Market structure did not fail abruptly; it weakened progressively as Ripple XRP retraced nearly 70% from its 2025 highs. Lower highs formed first, then rebounds shortened, signaling distribution rather than accumulation. As liquidity thinned, leveraged positioning remained elevated, creating structural fragility beneath price. Once key support levels broke, stop-loss clusters activated and derivative liquidations accelerated.

Forced selling migrated on-chain as distressed holders transferred coins to exchanges. Realized losses then surged to roughly $908 million, marking the largest capitulation spike since the 2022 trough. That magnitude reflects forced exit behavior rather than discretionary selling, while Open Interest simultaneously contracted as leverage flushed. Market participants reacted asymmetrically, with short-term traders de-risking exposure and large wallets selectively absorbing panic liquidity.

Social sentiment deteriorated, yet whale accumulation tempered further downside expansion. Historically, a prior $1.93 billion realized-loss event preceded a 114% recovery, providing contextual precedent. Stabilization now relies on reducing loss reports, continued withdrawals from exchanges, and rebuilding open interest in a healthy way without excessive leverage. XRP’s previous capitulation cycle provides a clear reference point for the current decline.

In 2022, realized losses peaked near $1.93 billion as the price fell about 80% to $0.30. That extreme selling marked exhaustion, and the price later rebounded 114% over eight months. During that period, volatility narrowed and selling pressure eased. Recovery developed gradually, with losses reduced over four to six months as weaker holders exited.

In the current cycle, XRP has declined nearly 70% from the 2025 high of $3.65 to around $1.10. Realized losses have increased again, yet overall market value has not contracted as sharply as the -40% drop recorded in 2022. In addition, 30-day volatility is lower, which suggests a more stable market structure. However, broader conditions have changed, with ETF participation, clearer regulation, and stronger derivatives activity now influencing liquidity.

While past patterns suggest recovery after capitulation, institutional involvement may slow the pace or reduce the size of any rebound. XRP’s February decline unfolded in stages, beginning with a sharp 24% drop to $1.37, which intensified selling pressure. As price broke lower, realized losses expanded, confirming emotional capitulation rather than orderly distribution. Since the start of 2026, XRP whale inflows to Binance have reached approximately 3.8 billion coins, reflecting steady deposits from large wallets amid the price decline while exchange reserves fell to five-year lows.

This migration reduced immediate float, gradually easing reflexive sell pressure. Meanwhile, institutional signals strengthened beneath the volatility.
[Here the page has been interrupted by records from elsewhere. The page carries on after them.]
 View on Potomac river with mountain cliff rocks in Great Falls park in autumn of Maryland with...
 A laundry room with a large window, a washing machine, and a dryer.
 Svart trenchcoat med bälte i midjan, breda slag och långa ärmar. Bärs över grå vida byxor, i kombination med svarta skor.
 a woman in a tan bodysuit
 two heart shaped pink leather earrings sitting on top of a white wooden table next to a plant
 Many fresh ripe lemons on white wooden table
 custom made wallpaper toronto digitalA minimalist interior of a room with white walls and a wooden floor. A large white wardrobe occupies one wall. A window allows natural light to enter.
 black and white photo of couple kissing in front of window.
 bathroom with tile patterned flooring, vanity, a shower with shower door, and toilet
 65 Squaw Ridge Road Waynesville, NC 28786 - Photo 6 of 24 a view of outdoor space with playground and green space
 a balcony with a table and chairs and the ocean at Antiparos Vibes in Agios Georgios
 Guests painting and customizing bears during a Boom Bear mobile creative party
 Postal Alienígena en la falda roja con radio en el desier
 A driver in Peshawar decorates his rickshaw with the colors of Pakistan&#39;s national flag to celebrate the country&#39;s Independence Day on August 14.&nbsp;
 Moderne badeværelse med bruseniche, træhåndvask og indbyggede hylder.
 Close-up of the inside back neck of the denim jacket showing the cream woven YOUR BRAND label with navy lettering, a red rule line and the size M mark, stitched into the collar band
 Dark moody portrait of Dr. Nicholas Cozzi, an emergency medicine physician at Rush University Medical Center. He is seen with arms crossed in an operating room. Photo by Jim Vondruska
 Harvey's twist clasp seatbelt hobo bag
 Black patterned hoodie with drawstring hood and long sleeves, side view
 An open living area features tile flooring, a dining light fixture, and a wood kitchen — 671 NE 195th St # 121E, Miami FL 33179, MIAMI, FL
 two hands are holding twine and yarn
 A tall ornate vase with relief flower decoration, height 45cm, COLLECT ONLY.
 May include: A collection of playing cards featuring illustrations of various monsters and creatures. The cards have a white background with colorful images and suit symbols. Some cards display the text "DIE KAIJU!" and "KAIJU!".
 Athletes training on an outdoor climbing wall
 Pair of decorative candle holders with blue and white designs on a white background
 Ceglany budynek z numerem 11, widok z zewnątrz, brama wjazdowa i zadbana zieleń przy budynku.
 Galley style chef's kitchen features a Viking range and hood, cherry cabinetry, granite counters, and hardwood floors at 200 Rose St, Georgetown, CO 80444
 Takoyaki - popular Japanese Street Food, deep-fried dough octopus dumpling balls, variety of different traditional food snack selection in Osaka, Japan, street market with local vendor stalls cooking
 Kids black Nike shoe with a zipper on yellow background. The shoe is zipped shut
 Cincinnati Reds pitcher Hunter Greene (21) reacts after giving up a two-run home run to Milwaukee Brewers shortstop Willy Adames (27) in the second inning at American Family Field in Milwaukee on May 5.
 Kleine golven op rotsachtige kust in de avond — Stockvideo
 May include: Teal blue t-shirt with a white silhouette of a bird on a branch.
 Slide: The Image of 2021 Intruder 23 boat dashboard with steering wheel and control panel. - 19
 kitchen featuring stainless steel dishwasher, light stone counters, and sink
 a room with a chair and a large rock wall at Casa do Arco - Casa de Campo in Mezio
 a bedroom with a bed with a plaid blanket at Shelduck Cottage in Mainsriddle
Spot ETF inflows reached 12.6 million XRP per week, quietly absorbing distressed supply. Funding rates remained negative for 12 straight days, reflecting persistent bearish bias even as supply rotated.

At the sentiment level, the Fear and Greed Index dropped to 9, marking extreme fear. Historically, these conditions have been associated with late-stage capitulation, implying that sufficient redistribution could support accumulation if liquidity stabilizes. Distressed supply rotation and fading loss intensity increasingly signal late-stage capitulation rather than fresh structural weakness. Compressed volatility and institutional absorption now frame XRP within an early bottoming phase rather than an active breakdown.